=== EXTRACTED ENTRIES ===

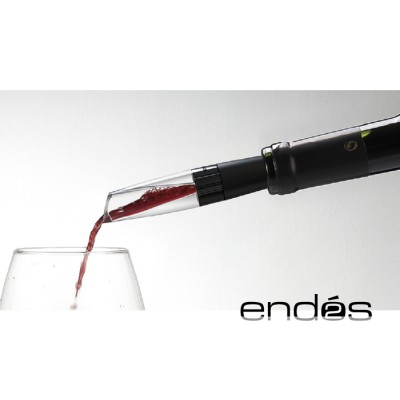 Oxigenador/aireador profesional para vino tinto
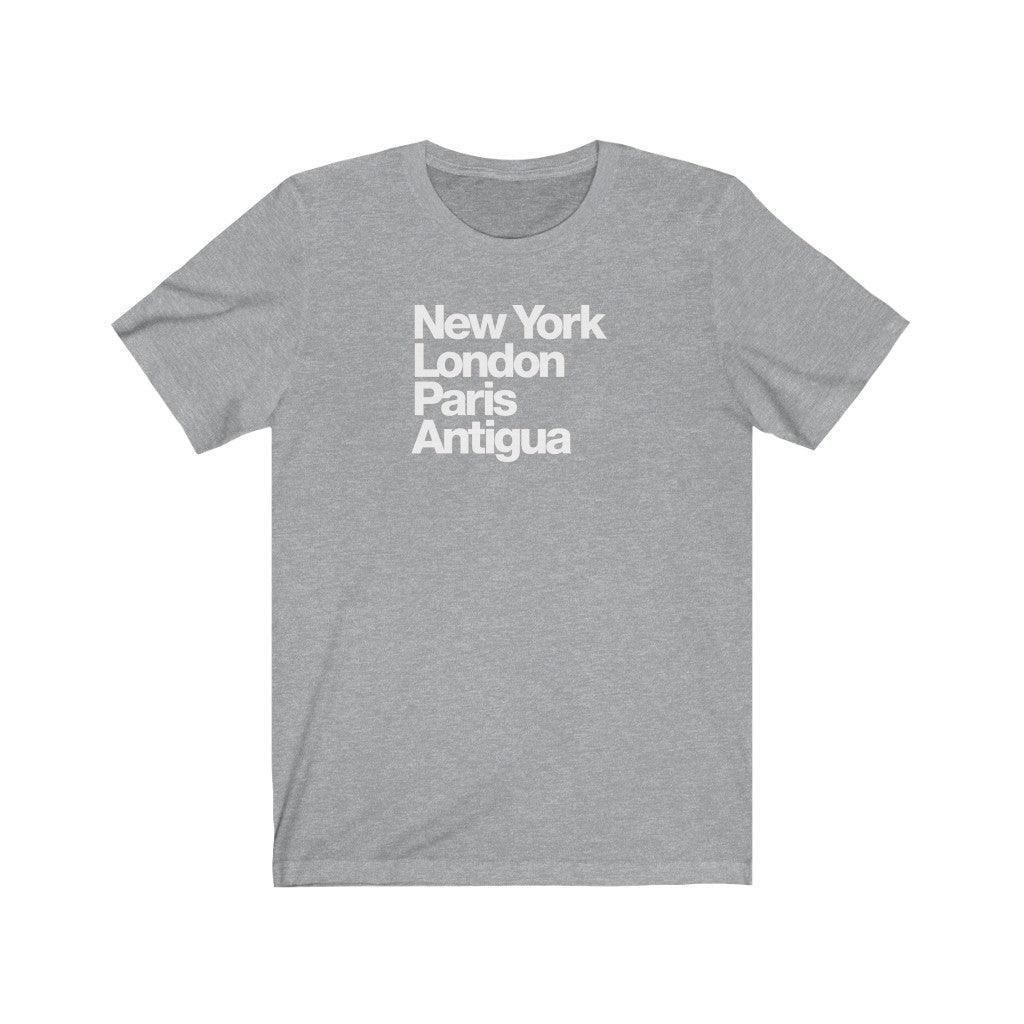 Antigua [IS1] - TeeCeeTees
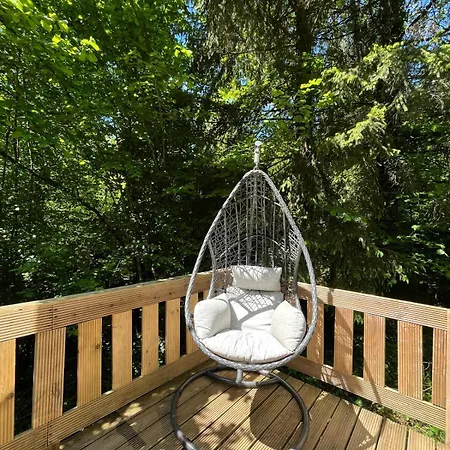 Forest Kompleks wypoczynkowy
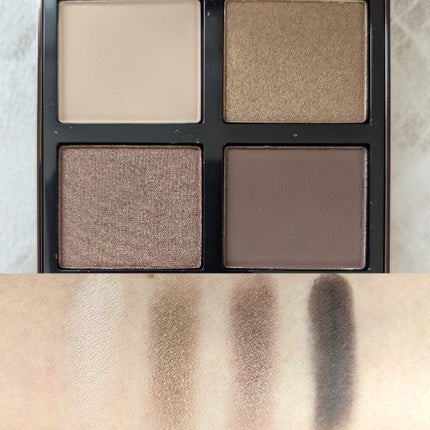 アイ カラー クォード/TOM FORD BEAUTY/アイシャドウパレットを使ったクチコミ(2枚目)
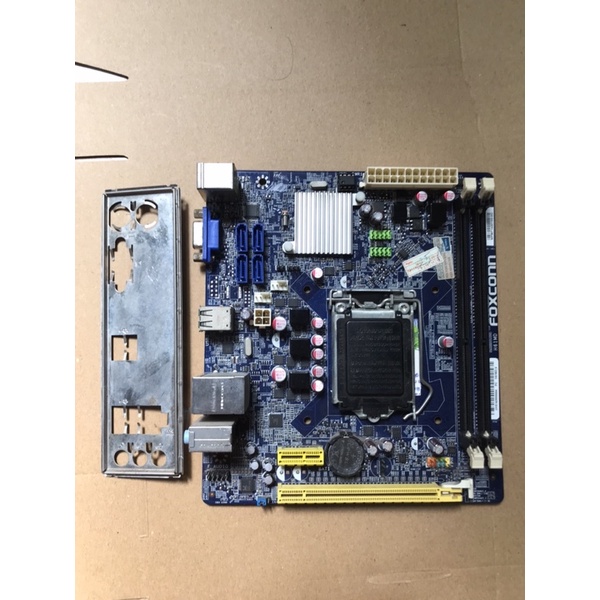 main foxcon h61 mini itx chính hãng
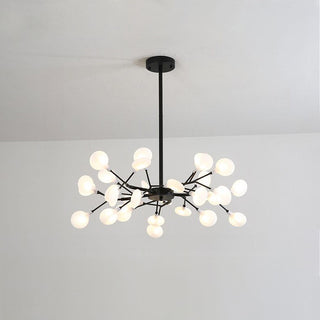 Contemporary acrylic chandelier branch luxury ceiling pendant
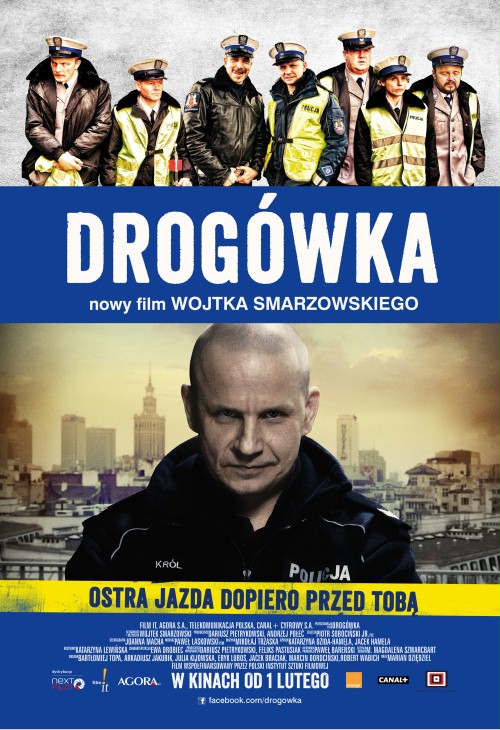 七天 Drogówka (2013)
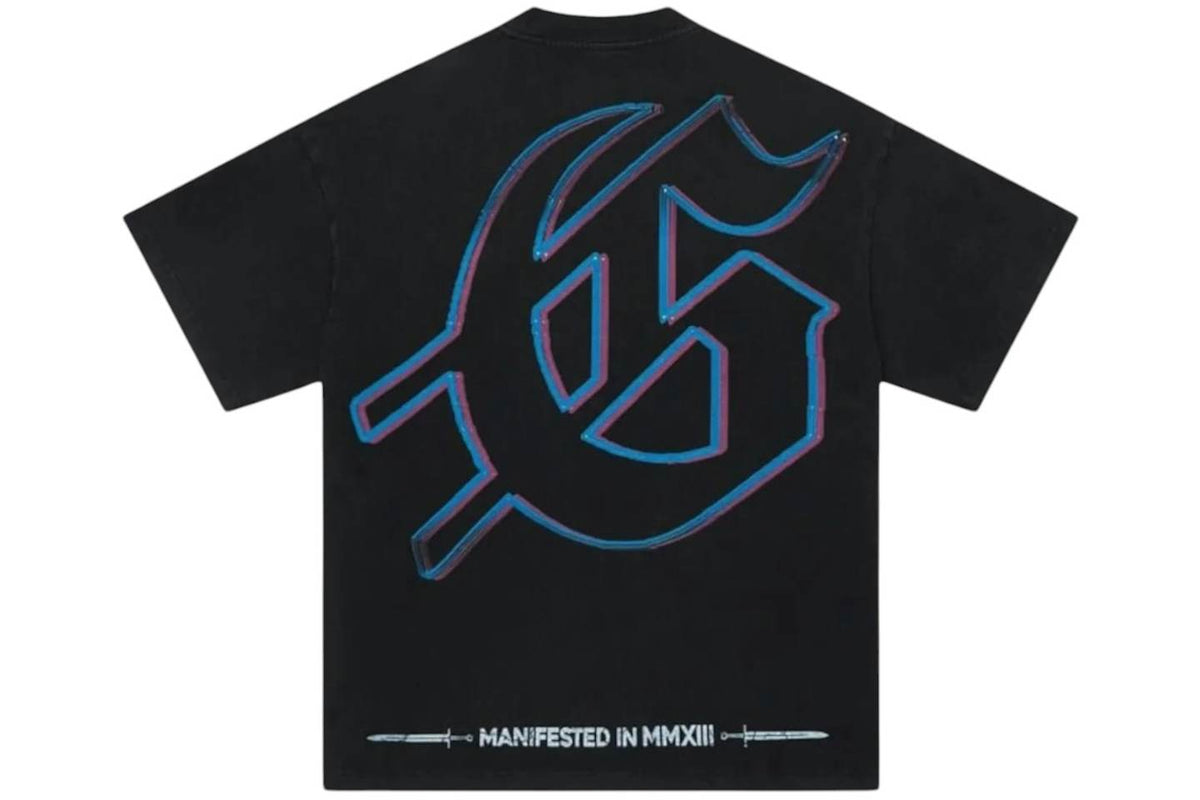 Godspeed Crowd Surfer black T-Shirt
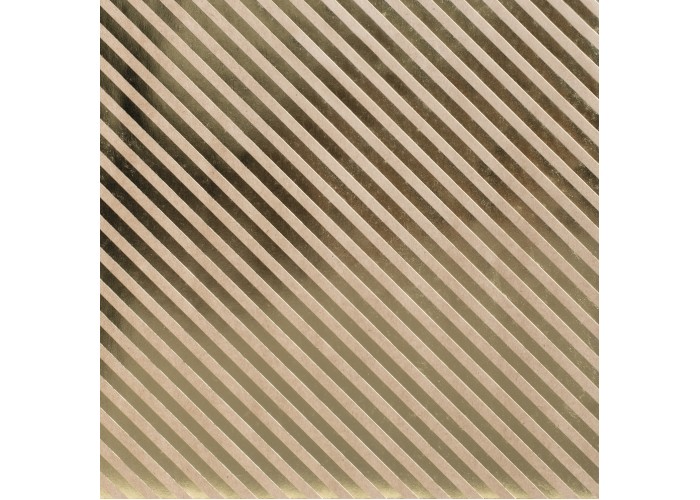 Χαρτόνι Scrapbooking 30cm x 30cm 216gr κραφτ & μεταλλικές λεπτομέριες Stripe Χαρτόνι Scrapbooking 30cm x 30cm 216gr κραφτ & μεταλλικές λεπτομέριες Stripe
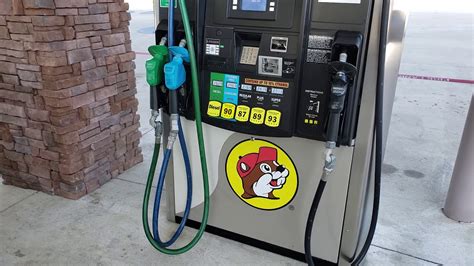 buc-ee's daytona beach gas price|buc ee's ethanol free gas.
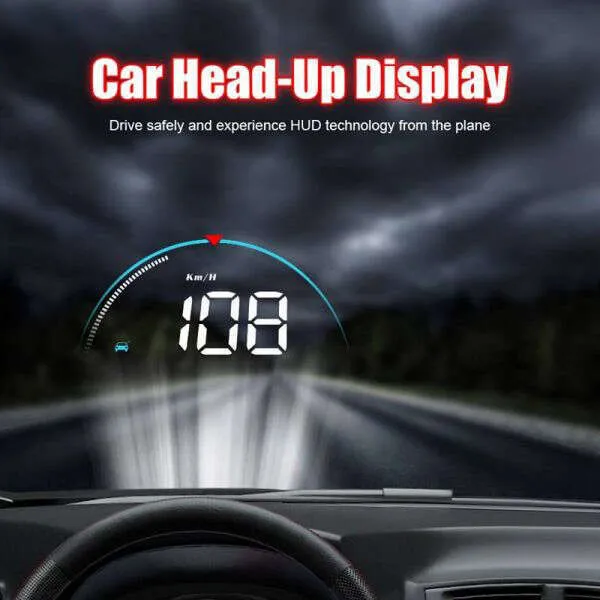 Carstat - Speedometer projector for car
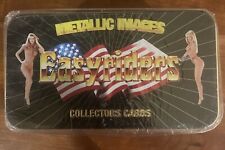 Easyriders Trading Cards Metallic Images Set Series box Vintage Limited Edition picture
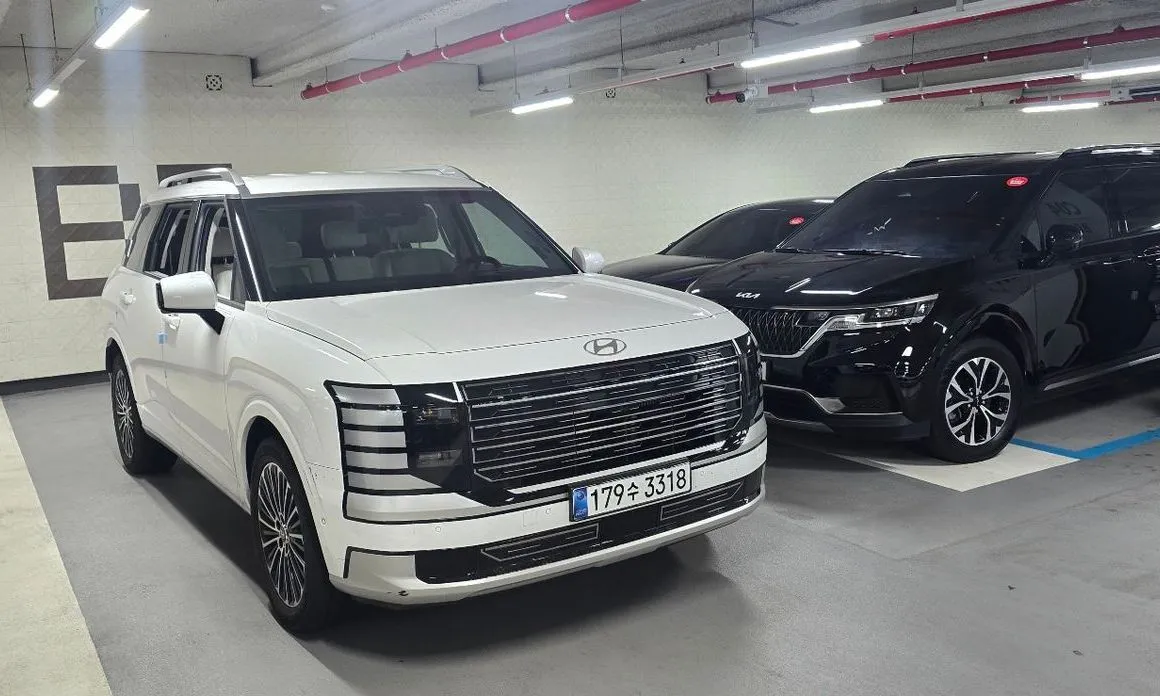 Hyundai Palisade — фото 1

===

EXERCISE |
All lines from the one bearing "Contemporary acrylic chandelier" through the last line of the records, and only those, should be duplicated exactly; no picture belongs in the copy.

TASK ANSWER |
 Contemporary acrylic chandelier branch luxury ceiling pendant
 七天 Drogówka (2013)
 Godspeed Crowd Surfer black T-Shirt
 Χαρτόνι Scrapbooking 30cm x 30cm 216gr κραφτ & μεταλλικές λεπτομέριες Stripe Χαρτόνι Scrapbooking 30cm x 30cm 216gr κραφτ & μεταλλικές λεπτομέριες Stripe
 buc-ee's daytona beach gas price|buc ee's ethanol free gas.
 Carstat - Speedometer projector for car
 Easyriders Trading Cards Metallic Images Set Series box Vintage Limited Edition picture
 Hyundai Palisade — фото 1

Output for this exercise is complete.